In one way it’s good news, but it’s easy to see the crocodiles in the water below.
Yesterday, Kino International and Lorber HT Digital announced their merger. With that, the new Kino-Lorber Inc. becomes one of the largest, most important distributors of indie and foreign films/DVDs in the states. (However, Screendaily.com describes it more as a buy out by Lorber of Kino.)
While two well-regarded indie distributors pooling forces sounds encouraging, the good news dims a bit when you hear the rest. Kino founder Donald Krim said (via NYT’s Dave Itzkoff) that while it wasn’t an “economic necessity” to merge, it did make sense in the current economic malaise, adding that falling DVD sales are affecting everyone from the big studios on down. Presumably each of these two companies too.
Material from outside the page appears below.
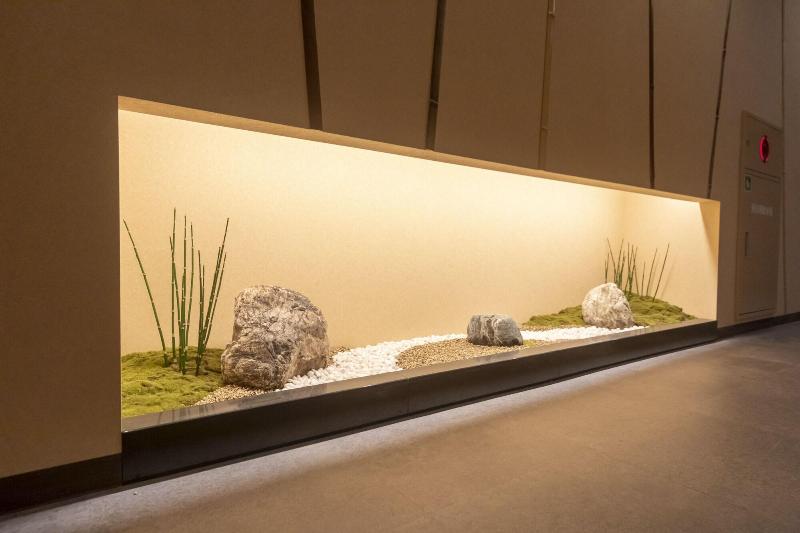 هتل Dormy Inn Kawasaki Natural Hot Spring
But no one gets fired either, according to reports I’ve read, with all staff now at Kino’s current West 39th Street offices.
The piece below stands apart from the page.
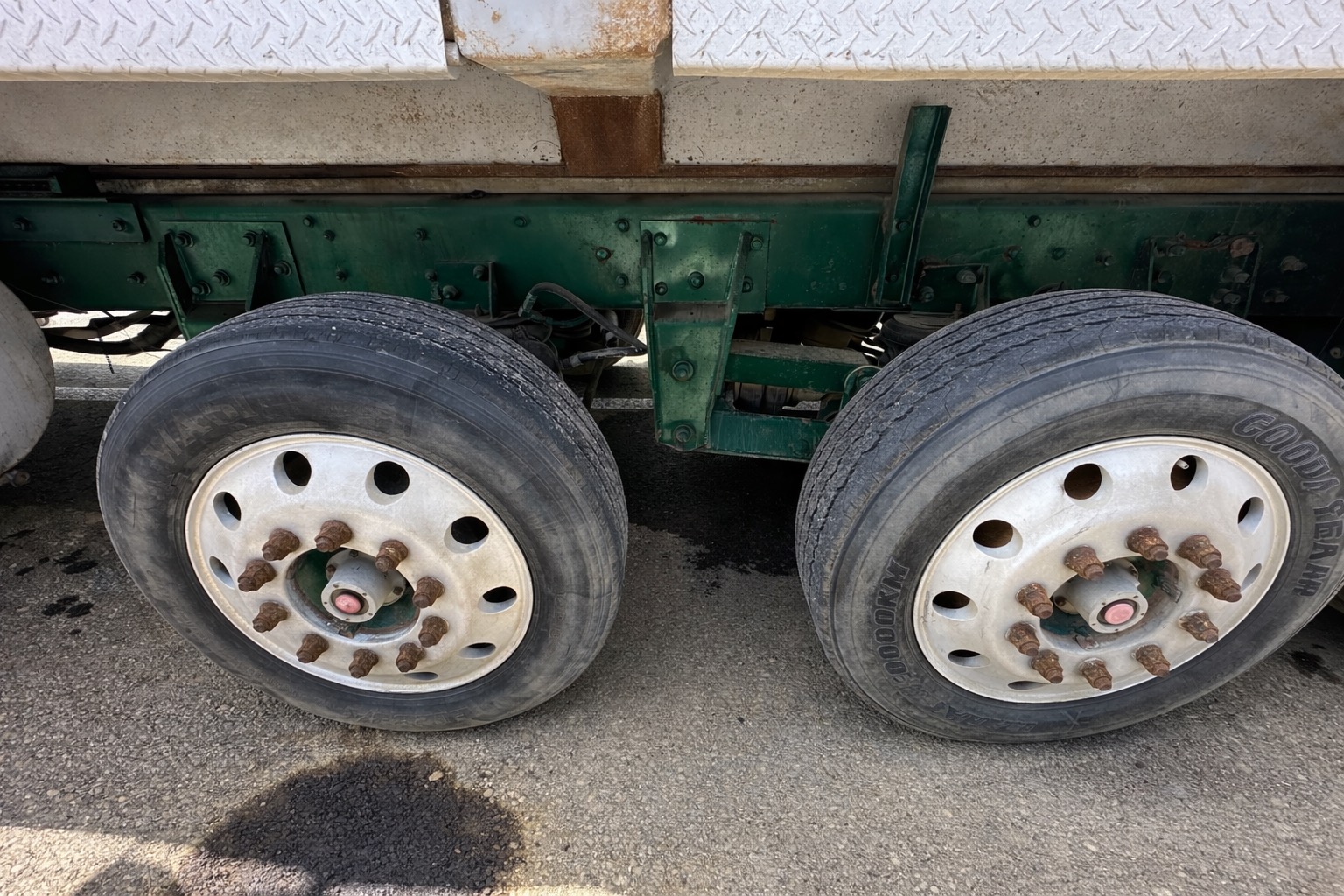 1999 MACK CL713 - view 15 of 48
Lorber HT Digital (nee Koch Lorber, nee Fox Lorber), is lead by CEO Richard Lorber, a man with long experience in the hustings, trying to figure out how it might be possible to distribute indie work on VHS and then DVD. Employing the name Lorber Films for theatrical releases—which recently included a new fave of mine, Alexander Sokurov’s The Sun—the company will continue to cover “art house”, foreign-language, and documentaries.
While Kino has distributed theatrically for some time, Lorber Films had its first feature release this past July with Chilean filmmaker Pablo Larraín’s thriller Tony Manero, said to be a fave of 2008’s Cannes Directors Fortnight.
Kino introduced the stateside market to talents including Wong Kar-Wai and Michael Haneke. Kino keeps its name too–Kino International Films–for theatrical releases. This spring the division launches a restored version of Fritz Lang’s Metropolis with some 30 minutes of newly found footage discovered in an archive just last year.
Combined, they expect to release some 60 digital and DVD titles a year, with each division expecting to handle from six to eight pix each for feature distribution.
Considering what straight DVD distributors are facing as sales drop, it might be good move that Lorber is leaving day-to-day operations to Krim and pushing business development, such as figuring a digital strategy and moving further into direct-to-consumer physical distribution.
Let’s just hope it’s a matter of joining forces and not circling wagons.